After approximately eight years of construction, a major bottleneck in passenger train movement in west end Toronto was removed with the conclusion of one of the largest rail track separations in Canada.
Now, GO Transit and VIA trains travelling the Georgetown South Corridor between Toronto and Kitchener, Ont. do not have to give the right of way to CP freight trains in the former West Toronto Diamond corridor. The term diamond stems from the shape formed where double CP and double CN lines met.
For more than a century it was the busiest rail intersection in Canada.

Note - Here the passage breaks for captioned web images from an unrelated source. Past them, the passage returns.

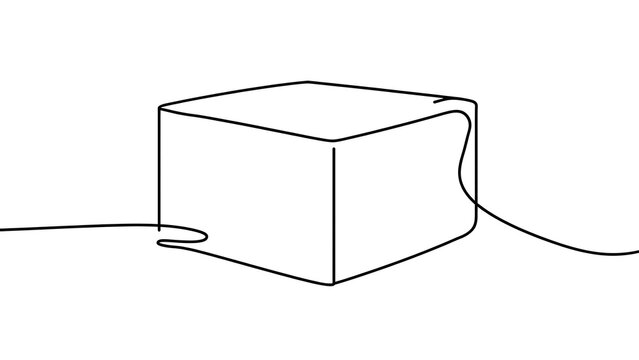 Simple line art cube with string on white background.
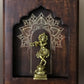 Handcrafted Brass Krishna playing flute on walnut finish solid wood, Prabhavali frame, wall hanging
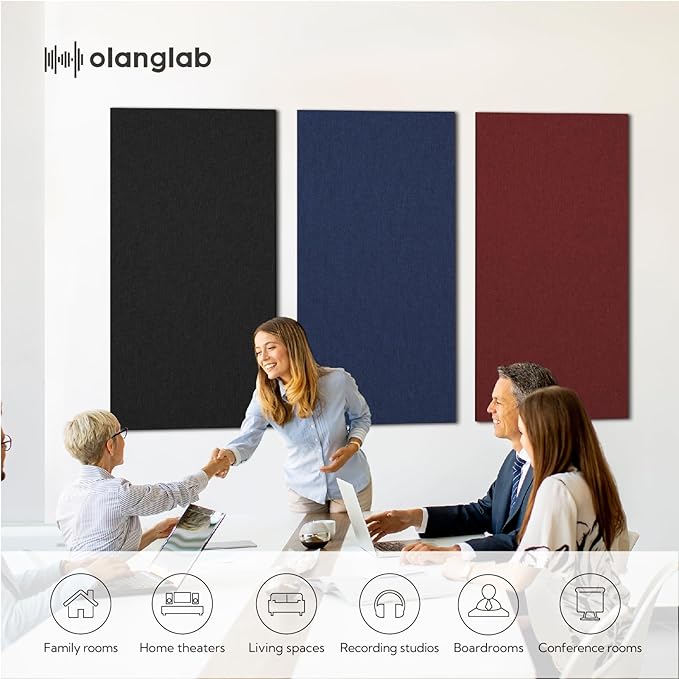Olanglab Acoustic Panels 2 Pack, Fabric Wrapped Sound Proof Foam Panels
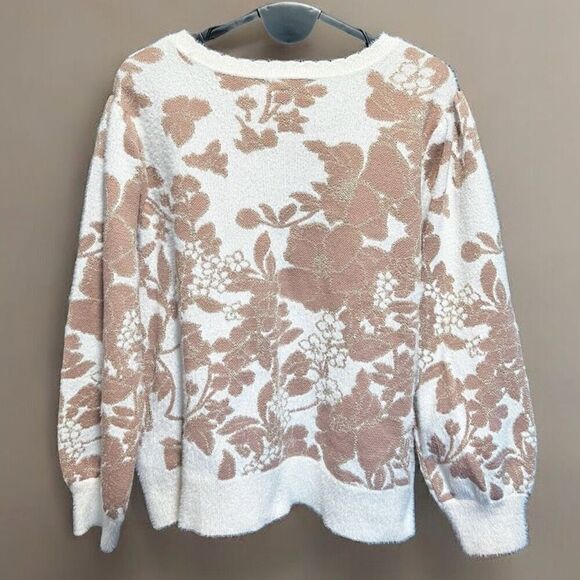 Liz Claiborne Ivory Beige Floral Jacquard Knit Sweater Size 2X NWT - Picture 5 of 11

The approximately $431-million separation involved the installation of two new bridges and two, 0.5-kilometre-long, 10-metre wide, underpasses which are nine metres deep at their deepest point. Each new underpass/lowered corridor can accommodate two sets of tracks.
A number of different contractors were involved in different phases of the separation. Preliminary site work began in 2006.
"The underpasses allow GO trains to travel below thereby bypassing freight and vehicle traffic at the two crossings," says Manuel Pedrosa, community relations manager for Metrolinx, the provincial agency tasked with the "Big Move" transit improvements in the Greater Toronto and Hamilton Area.
They were required to increase traffic on Metrolinx’s Georgetown South Corridor and to facilitate the development of the new Union Pearson Express, the dedicated rail link between Toronto’s Union Station and Pearson International Airport. Prior to the separation there was no room in the daily schedules of GO and VIA and freight services to add more trains, he says.
"Careful scheduling and innovative construction methods made the construction possible," says Pedrosa.
For example, he points to the relatively short time to install the pre-constructed bridges. They were slid into place over 24-hour time periods to minimize any impacts to CP Rail. The first bridge was installed last September and the second one at the end of June. Gascan was the general contractor for the bridge installation.
Other key firms which played a pivotal role in the West Toronto Diamond separation include: Clearway Construction, the site works general contractor; the joint venture of Anchor Shoring & Caissons Ltd and Bermingham Foundation Solutions, which installed the steel-piling foundation walls along the route; and Dufferin Construction, the pipe pile validation/excavation general contractor.
As large and complicated at it was, the separation is just one component of Metrolinx’s $1.2-billion project. It was "rolled into" the Georgetown South project when that much larger project got underway in 2010, says Pedrosa.
"By the end of 2010 shovels were in the ground."
Metrolinx is its own construction manager for the project which encompasses the construction of a number of bridges and underpasses, plus improvements to GO train stations, and other infrastructure improvements. Ten contractors and seven consulting firms serving as design consultants and/or contract administrators are involved in different phases, he says.
In 2012 Go Train service from Toronto to Georgetown was extended to Kitchener. But Metrolinx retained the original project title.
"A name change would have just been too confusing," says Pedrosa.
Each weekday, there are 16 trains operating along the Kitchener GO train line — nine operate eastbound in the morning and seven are running westbound in the evening.
There are a number of different stops and only four operate all the way from the Kitchener GO Station and Toronto’s Union Station, he says.
At some in the future, however, there will be all day service between Toronto and Kitchener and Metrolinx will be introducing off-peak trains between downtown Toronto and Brampton shortly after the project is completed.
The additional infrastructure will also allow Metrolinx to add more peak train service, says Pedrosa.